In work, in life. Women compete against each other. Visciously.
Men, step aside.
You probably haven’t even noticed it. Most likely because it goes on in a hidden world of subtle, underhanded jibes, digs and shoves, horrible enough to make a grown man weep. (Admittedly, several grown men have probably already wept at the hands of said women)
Its kind of a secret paralell universe that men don’t seem to pick up on. Like dog whistles to the human ear, the daily woman-woman combat is not perceptible to the male species.
Or maybe they do see it, and just choose not to seeeee it. Not that I blame them.
From sibling rivalry (which sister gets the most love, attention, and pretty clothes), to ‘healthy’ competition between friends for the highest salary, the hottest man, the best designer clothes; We ALL succumb to the Amazonian Wars.
Unfortunately, some of this fighting is far from healthy.
Take today for instance. A new member of staff joined our team at work. She was a pretty, young thang. And she inexplicably got my shackles up immeeeeeeediately. My initial thought on being introduced to her was: ‘ugh she’s pretty’ (if you missed it, that was NOT a compliment)
Second thought was: ‘Ugh, they are going to be clamouring after her. Absolutely NO work will get done’
Now this may sound like the ravings of a jealous maniac, but I was genuinely concerned. For about 2 seconds.
I was mainly just upset that the attention would be drawn away from me!!!
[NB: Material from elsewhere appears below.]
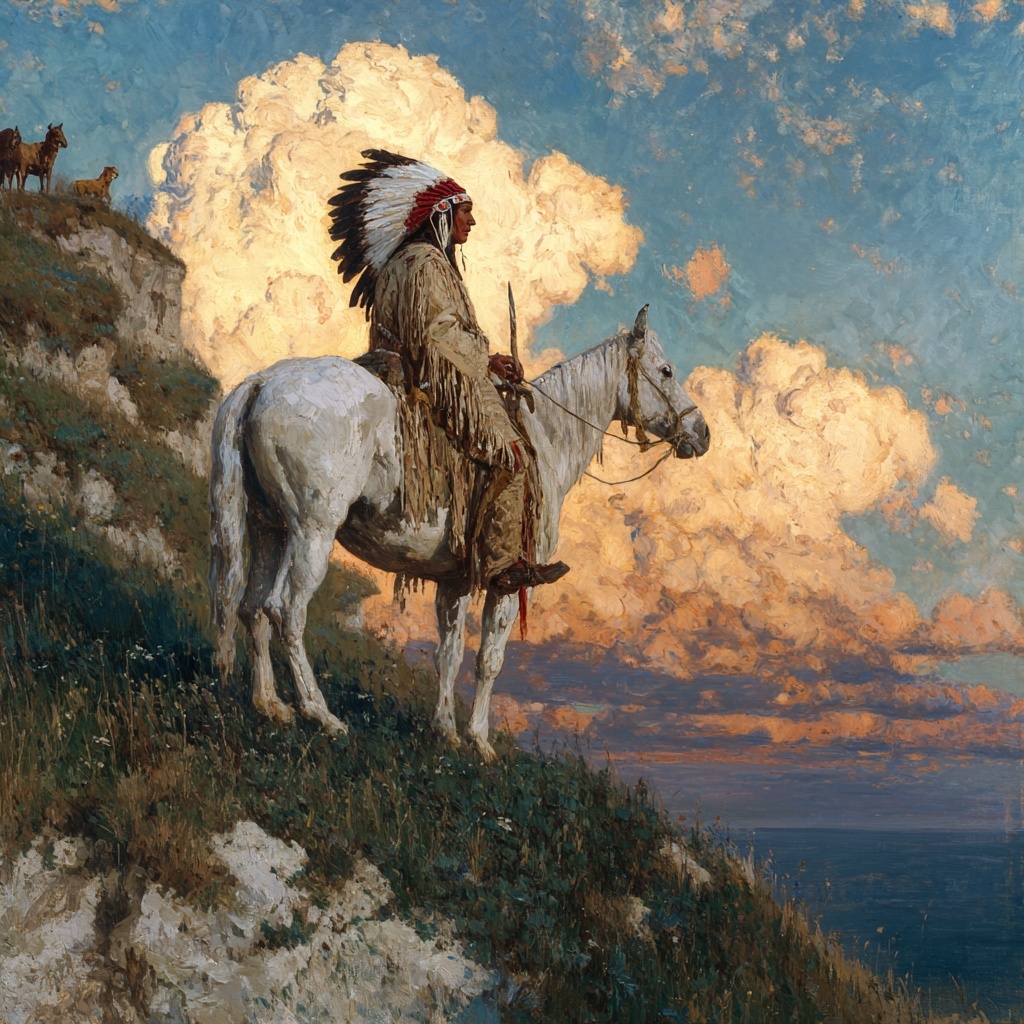Majestic Native American on White Horse at Sunset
Instead of being the nice, caring person that I am (Honest!) and showing her around, I was giving her daggers behind her back, and gossiping about her at the water cooler. Sigh.
What made my behavior even more appalling was that I was on the receiving end of such treatment not long ago. I was a newbie at work only 2 months ago! And the nice men on my team made the transition so easy, while the women…..well! The women! Hmph. They corroded my self worth in under 10 seconds flat. I spent the better part of a month picking up the tatters of my self esteem and sewing it back together, piece by painful piece.
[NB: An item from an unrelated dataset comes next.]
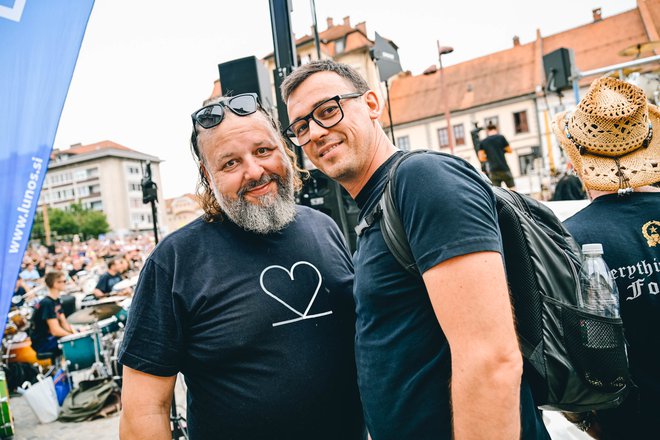 Martin Janežič - Buco in Boštjan Meglič sta aktivno sodelovala z mladimi bobnarji. FOTO: MP PRODUKCIJA/PIGAC.SI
Its so easy to get worked up and self-righteous when you are on the receiving end. But we are ever so quick to dish it out to others!
A female colleague recently gave me a dressing down in front of a room-full of seniors and fellow colleagues. The fact that I had shined brilliantly the day before, and made her ineptitude crystal clear (unintentionally) in front of the boss had absolutely nothing to do with it. Ahem. Yea right!
I would have put the incident down to normal work politics- only, I’ve never seen male colleagues viciously humiliate their peers with such relish. ‘Seek and Destroy’ missions are reserved only for our ruthless half of the species.
Instead of harping on about ‘sisterhood’ and ‘sisterly love’ , I will instead talk of ………….pretending.
If you can’t like your female colleagues. If you honestly just can’t be nice. If you want to claw your friend’s eyes out because she went and bought the same pair of shoes you LOVE, and deliberately wore them at your birthday shindig. PRETEND.
Just act like a loving, caring female. And eventually, it will start to catch on.
Women will start loving each other unconditionally. They will stop treating each other like an inconveniece to be endured. They will help each other out. Start a ‘Girl code’, where they do NOT steal each others boyfriends or husbands.
There shall be world peace. And an end to world hunger and human suffering.
I’d better get my head out of the clouds.
While I have been typing this, that new colleague is probably making eyes at the boss. Maybe I should too? Is she angling for a promotion? Heck, I haaaateed that her shoes looked so good on her! Sigh.